Detect anomalies on one million unique entities with Amazon OpenSearch Service | Amazon Web Services (original) (raw)

Amazon OpenSearch Service supports a highly performant, integrated anomaly detection engine that enables the real-time identification of anomalies in streaming data. Last year, we released high-cardinality anomaly detection (HCAD) to detect individual entities’ anomalies. With the 1.1 release, we have allowed you to monitor a million entities with steady, predictable performance. HCAD is easiest when described in contrast to the non-HCAD single-stream solution. In a single-stream detector, we detect anomalies for an aggregate entity. For example, we can use a single-stream detector to sift through aggregated traffic across all IP addresses so that users can be notified when unusual spikes occur. However, we often need to identify anomalies in entities, such as individual hosts and IP addresses. Each entity may work on a different baseline, which means its time series’ distribution (measured in parameters such as magnitude, trend, and seasonality, to name a few) are different. The different baselines make it inaccurate to detect anomalies using a single monolithic model.

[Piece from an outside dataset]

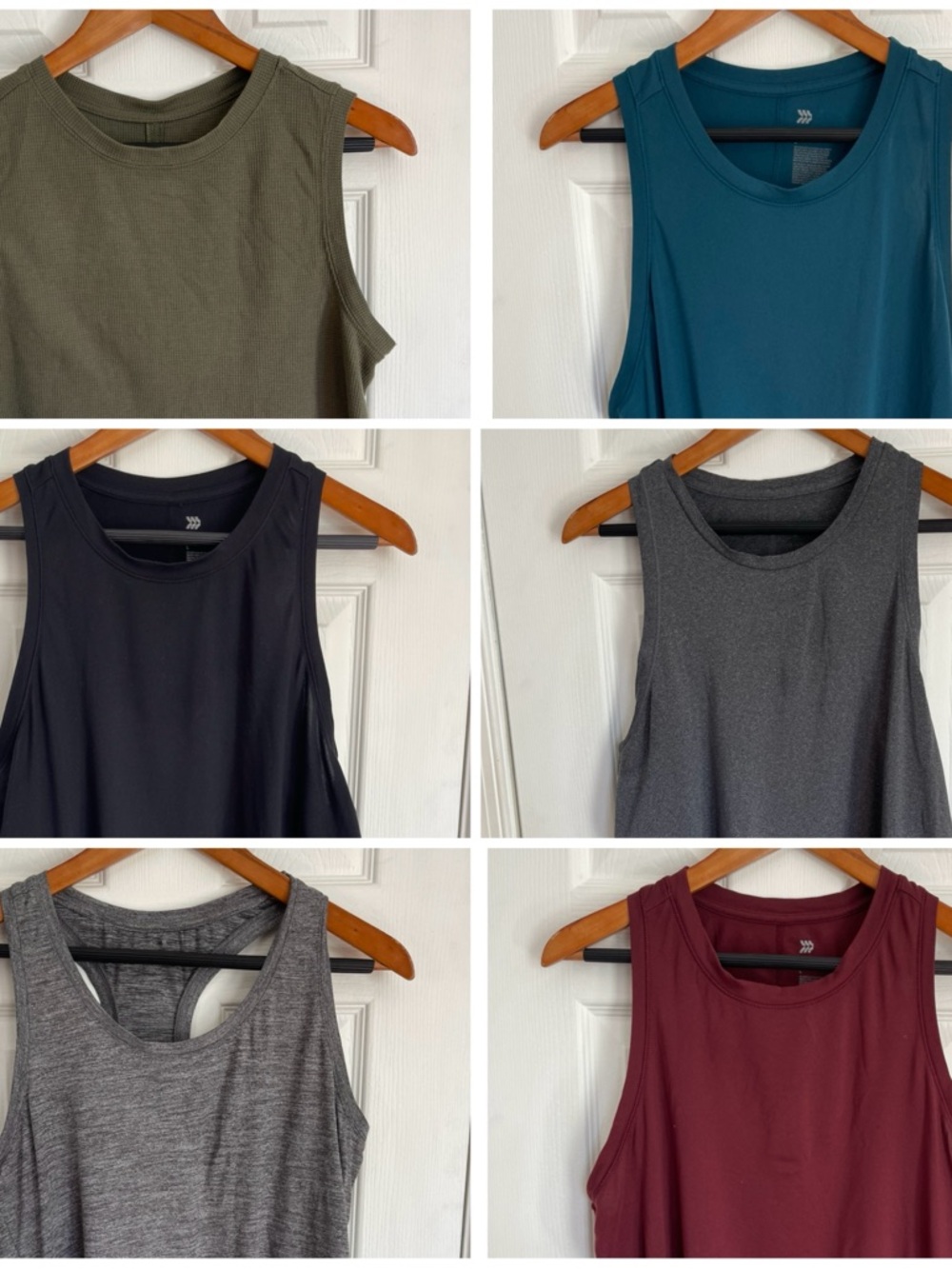 All in Motion Women’s Neck Stretch Tank Tops BUNDLE of 6 size Large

HCAD distinguishes itself from single-stream detectors by customizing anomaly detection models to entities.

Example use cases of HCAD include the following:

Making HCAD real time and performant while achieving completeness and scalability is a formidable challenge:

The first release of HCAD in Amazon OpenSearch Service traded completeness and scalability for performance: the anomaly detector limited the number of entities to 1,000. You can change the setting plugins.anomaly_detection.max_entities_per_query to increase the number of monitored entities per interval. However, such a change incurs a non-negligible cost, which opens the door to cluster instability. Each entity uses memory to host models, disk I/O to read and write model checkpoints and anomaly results, CPU cycles for metadata maintenance and model training and inference, and garbage collection for deleted models and metadata. The more entities, the more resource usage. Furthermore, HCAD could suffer a combinatorial explosion of entities when supporting multiple categorical fields (a feature released in Amazon OpenSearch Service 1.1). Imagine a detector with only one categorical field geolocation. Geolocation has 1,000 possible values. Adding another categorical field product with 1,000 allowed values gives the detector 1 million entities.

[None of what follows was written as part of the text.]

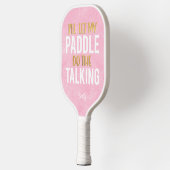 Raquette De Pickleball Funny Pickleball Pink White Gold Paddle (Gauche)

For the next version of HCAD, we devoted much effort to improving completeness and scalability. Our approach captures sizing a cluster right and combines in-memory model hosting and on-disk model loading. Performance metrics show HCAD doesn’t saturate the cluster with substantial cost and still leaves plenty of room for other tasks. As a result, HCAD can analyze one million entities in 10 minutes and flags anomalies in different patterns. In this post, we will explore how HCAD can analyze one million entities and the technical implementations behind the improvements.

How to size domains

Model management is a trade-off: disk-based solutions that reload-use-stop-store models on every interval offer savings in memory but suffer high overhead and are hard to scale. Memory-based solutions offer lower overhead and higher throughput but typically increase memory requirements. We exploit the trade-off by implementing an adaptive mechanism that hosts models in memory as much as allowed (capped via the cluster setting plugins.anomaly_detection.model_max_size_percent), as required by best performance. When models don’t fit in memory, we process extra model requests by loading models from disks.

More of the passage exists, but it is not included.